* [Materials provided]:
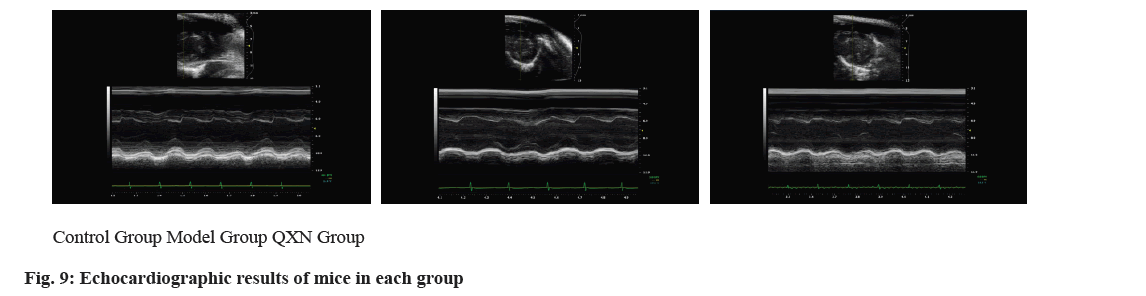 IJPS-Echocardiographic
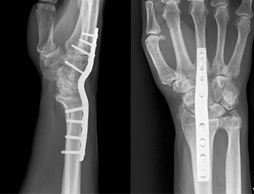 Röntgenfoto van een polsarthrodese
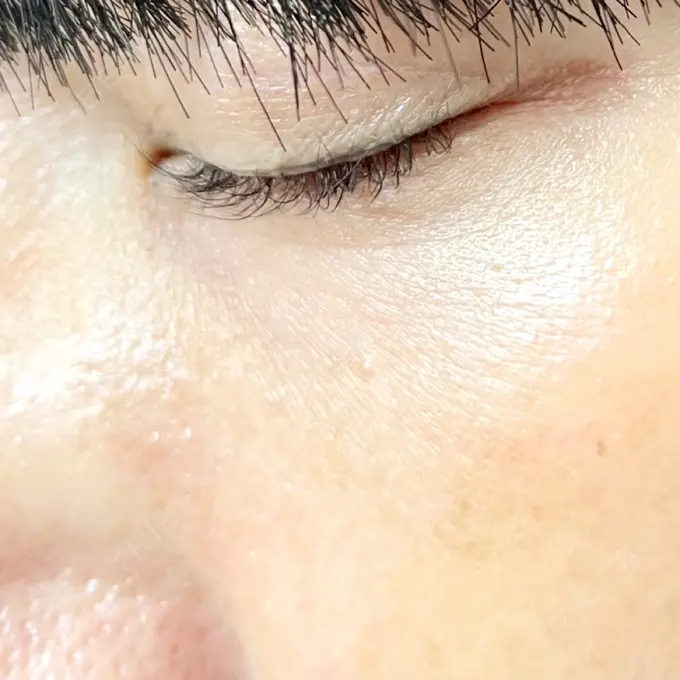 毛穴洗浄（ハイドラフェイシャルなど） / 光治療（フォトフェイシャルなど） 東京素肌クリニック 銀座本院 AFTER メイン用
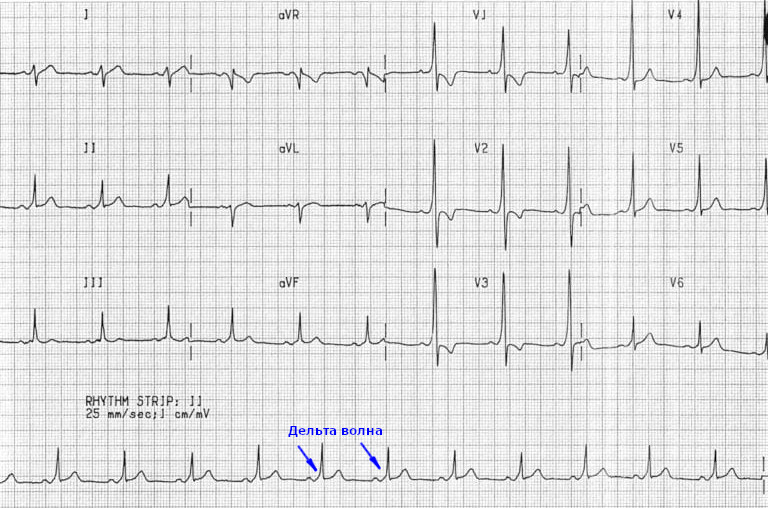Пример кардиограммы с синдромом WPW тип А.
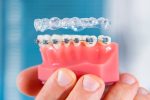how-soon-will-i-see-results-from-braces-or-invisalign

* * *

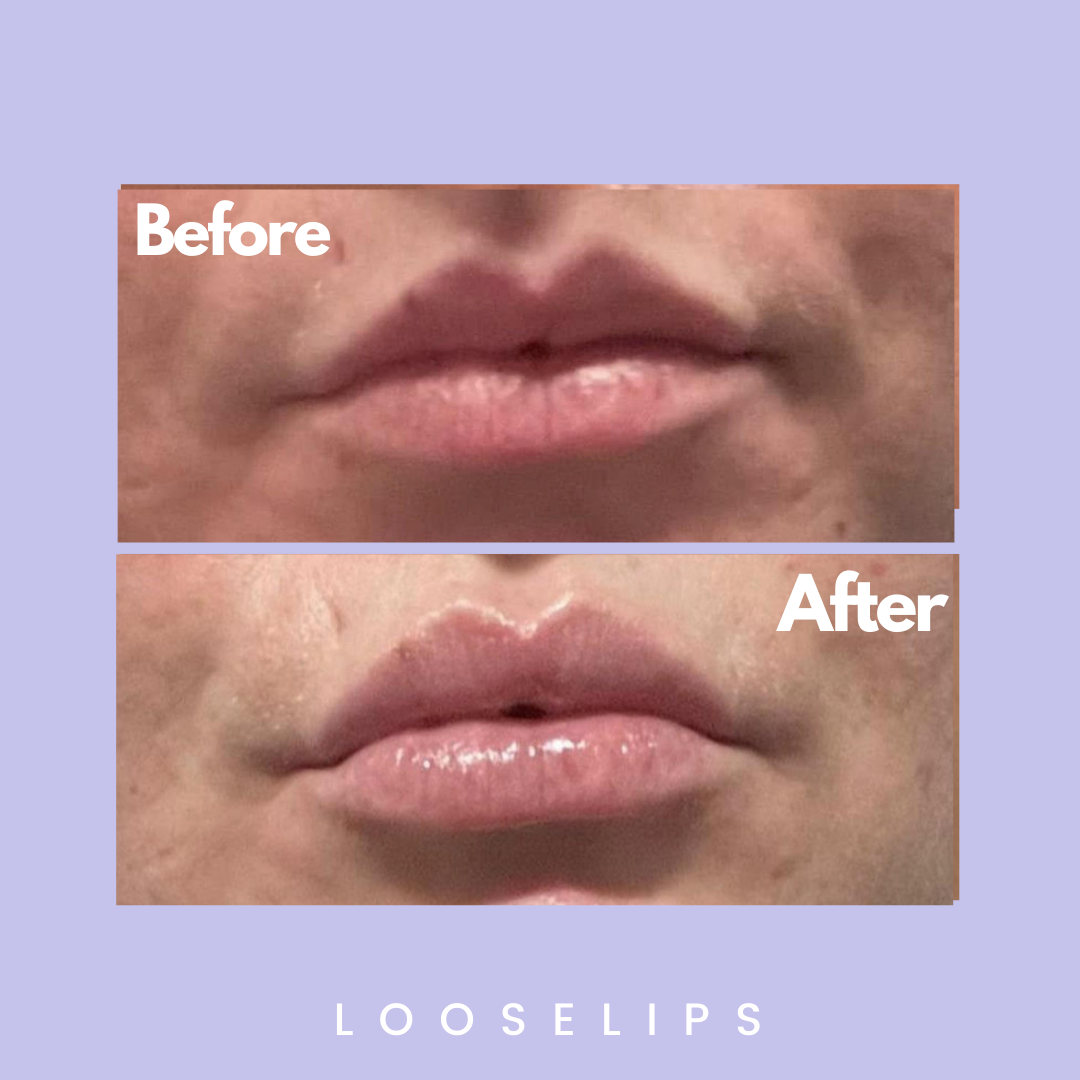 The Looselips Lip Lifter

* [What you should do]: Copy exactly the material above from the line with "IJPS-Echocardiographic" to the line with "how-soon-will-i-see-results-from-braces-or-invisalign", ends included, and nothing else. Leave out any picture.

* [Answer for this exercise]:
 IJPS-Echocardiographic
 Röntgenfoto van een polsarthrodese
 毛穴洗浄（ハイドラフェイシャルなど） / 光治療（フォトフェイシャルなど） 東京素肌クリニック 銀座本院 AFTER メイン用
Пример кардиограммы с синдромом WPW тип А.
how-soon-will-i-see-results-from-braces-or-invisalign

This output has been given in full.